The other day I was contacted by someone asking me to take a look at their blog. The blog itself was fine, it was the backend that was a problem; the user had no way of adding plugins or changing settings. That alone tipped me off as to what the problem probably was, and I agreed to help them out.
I logged into the administrative side of their blog with the info he gave me, and sure enough, the side panels for sections such as “Themes”, “Users”, “Plugins” and “Settings” were all nonexistent. The problem was just what I thought it would be; his user account was set to something less than an administrator account. His user role was actually set to “Editor”.
I contacted this person and told him that he should talk to the person who set this blog up for him and have him upgrade his permissions and all his problems would be solved. As it turned out, this would be impossible. The original developer was out of the country for the foreseeable future so any user upgrades would have to be handled without him.

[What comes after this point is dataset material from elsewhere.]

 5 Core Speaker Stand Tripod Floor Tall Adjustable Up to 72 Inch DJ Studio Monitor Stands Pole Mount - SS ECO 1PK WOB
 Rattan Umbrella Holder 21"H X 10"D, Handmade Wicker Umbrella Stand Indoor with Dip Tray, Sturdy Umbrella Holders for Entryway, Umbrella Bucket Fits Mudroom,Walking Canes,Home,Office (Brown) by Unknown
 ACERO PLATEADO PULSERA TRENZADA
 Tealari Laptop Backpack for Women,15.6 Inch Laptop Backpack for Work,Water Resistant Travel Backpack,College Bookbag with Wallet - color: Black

Since I was provided with the access info to the blog, the hosting account and the FTP info, upgrading his user account from “Editor” to “Administrator” wouldn’t be too terribly difficult. I would just have to modify some entries in the database and it would be done. That’s easy enough for a developer with basic to moderate skill levels, but what about those who are uncomfortable tinkering with MySQL?

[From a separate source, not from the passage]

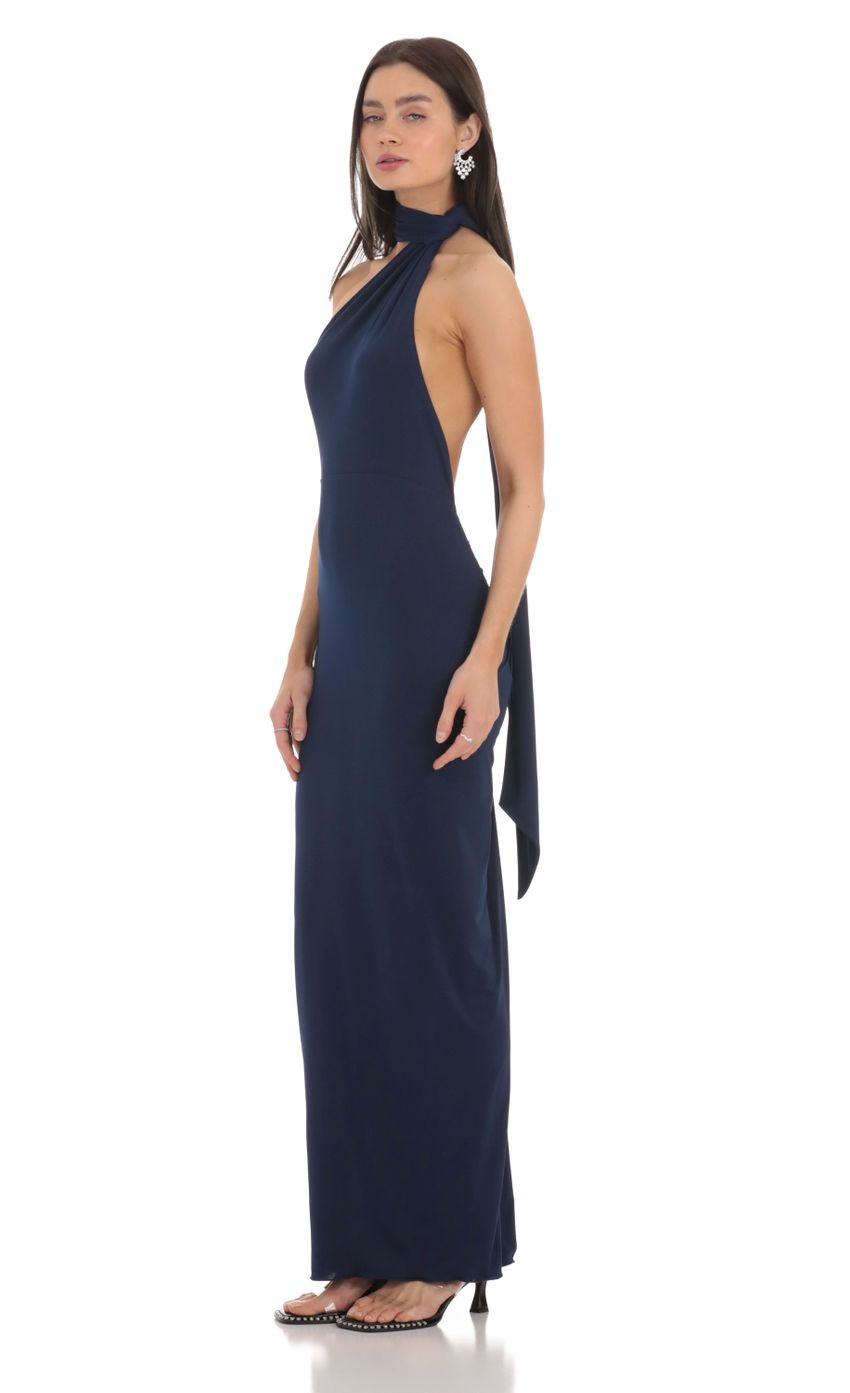 One Shoulder Scarf Strap Maxi Dress in Navy - luluinthesky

Fortunately, there is a really simple way to adding or upgrading users to a WordPress database without having a user account with administrative privileges.
To do this, you will need three things:
- The password to the WordPress database
- FTP access to the WordPress site
- Yoast’s emergency.php file
The genius over at Yoast has an incredibly useful script for adding or upgrading user accounts in WordPress without requiring elevated privileges to do so. In my case, upgrading the one Editor account to an Administrator account went as follows.
First, I uploaded the emergency.php file to the root domain of the WordPress site. Since I had FTP access, I was able to view the wp-config.php file to get the password to the database in use.
Second, I pointed my browser to http://thiswebsite.com/emergency.php (obviously your URL will vary) and I was presented with a screen that would allow me to either create a new user or change the permissions for an existing user. In order to make any of these changes, I would need to enter the database password for security reasons.
After choosing the user I wanted to modify and entering the database password, I was brought to a second screen that contained most of the account information. From here I was able to change the user’s role to Administrator and everything became well in the universe again.
When you are done adding or changing users with this file, delete it from your site. Leaving it where others may find it is a security risk you don’t need!